Ciò che s'intende oggi comunemente per boccale è un rozzo recipiente a corpo quasi globulare, a piede piatto, a collo cilindrico o a rocchetto, con un'ansa verticale cilindrica o a nastro. Completamente sconosciuto nell'antichità greca e romana, che per bere usava specialmente il cantaro, la kylix, lo scifo, il rhyton e il poculo, è invece diffuso nell'età preistorica. Lo troviamo nella ceramica neolitica primitiva di Schussenried (Württemberg): in Italia è per la prima volta fra i vasi usati dai palafitticoli, poi nella ceramica dei terramaricoli e dei Siculi.

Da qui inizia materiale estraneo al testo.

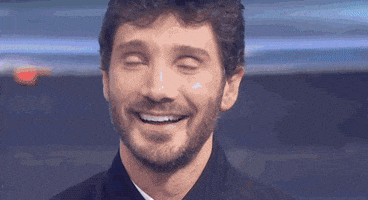 Sanremo GIF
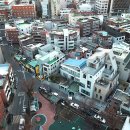 건축사사무소모도건축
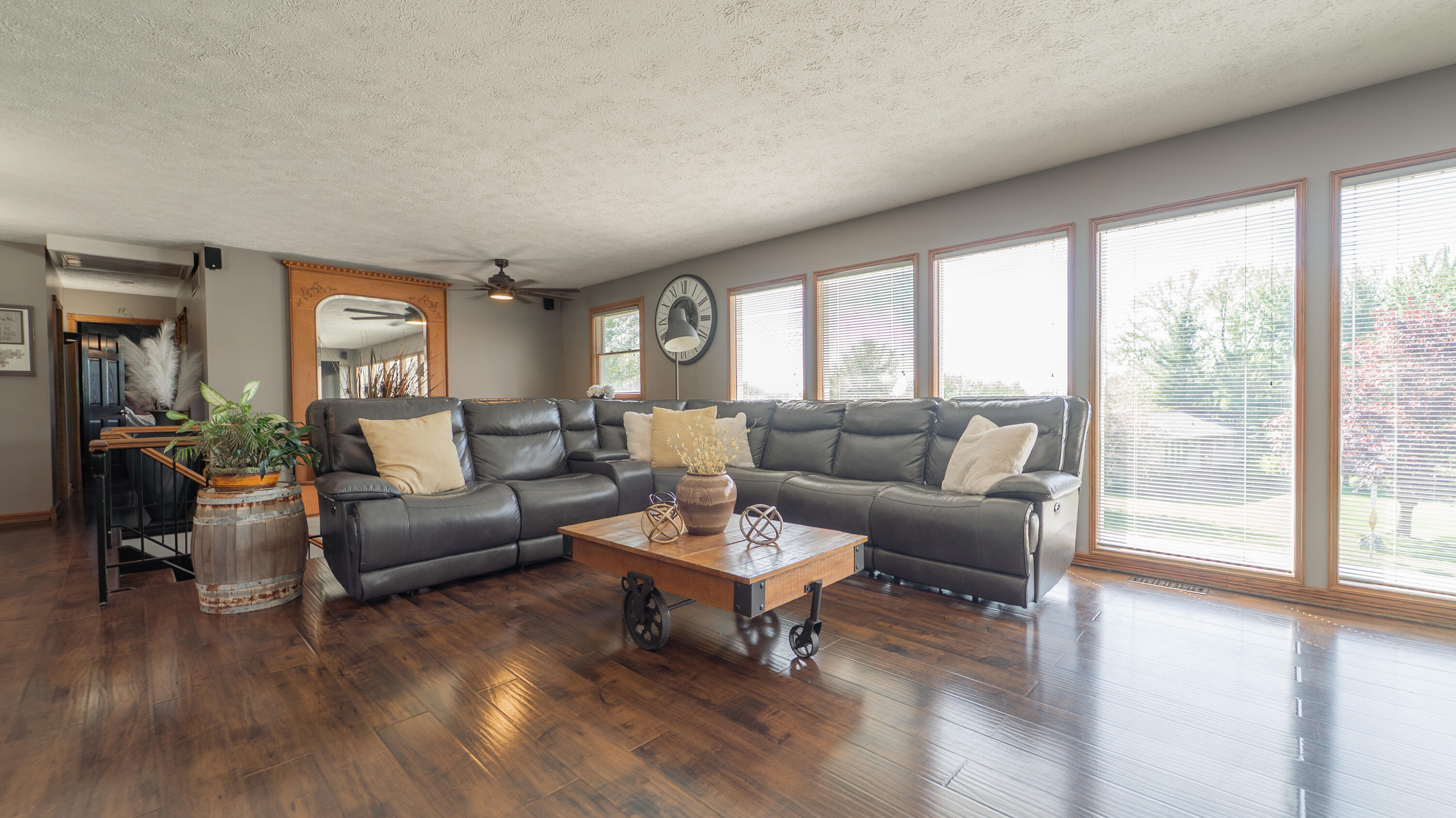 5646 West Johnson Road La Porte, IN 46350 - Photo 40 of 60 3000x1686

Bibl.: Ch. Daremberg e E. Saglio, Dict. des antiq. grecques et rom., I, Parigi 1877, p. 683; J. Déchelette, Man. d'archéol. préhist., celtique et gallorom., I, Parigi 1908, p. 548; R. Forrer, Reallex. d. praehist., klass., u. fruechristl. Altert., Berlino 1907, p. 261; T. E. Peet, The stone a. bronze age in Italy a. Sicily, Oxford 1909, pp. 282, 482.

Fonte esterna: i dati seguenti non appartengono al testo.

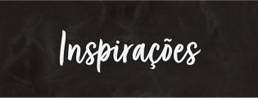 Inspiracoes Logo
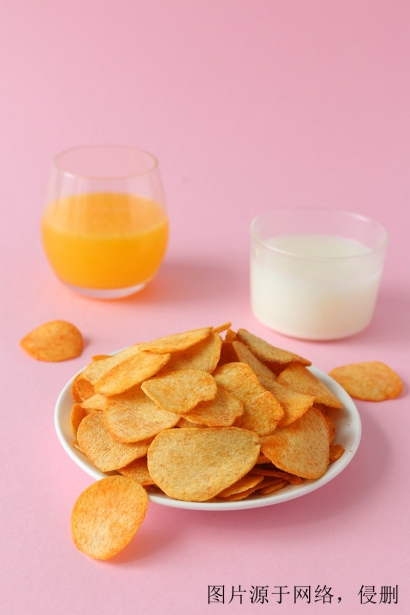 零食進(jìn)口清關(guān)流程是什么？廣州進(jìn)口預(yù)包裝零食報(bào)關(guān)行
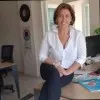 Hülya Pınar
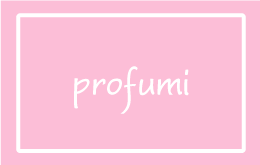 Profumi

Con questo nome s'indicava anche un'antica misura di capacità largamente usata in Italia specialmente per liquidi. Corrispondeva: a Bologna, a l. 1,310; Firenze l. 1,140; Milano l. 0,787; Modena l. 1,131; Stato Pontificio (fino al 1871) per il vino e l'acquavite, l. 1,823, per l'olio, l. 1,053; Torino l. 0,684.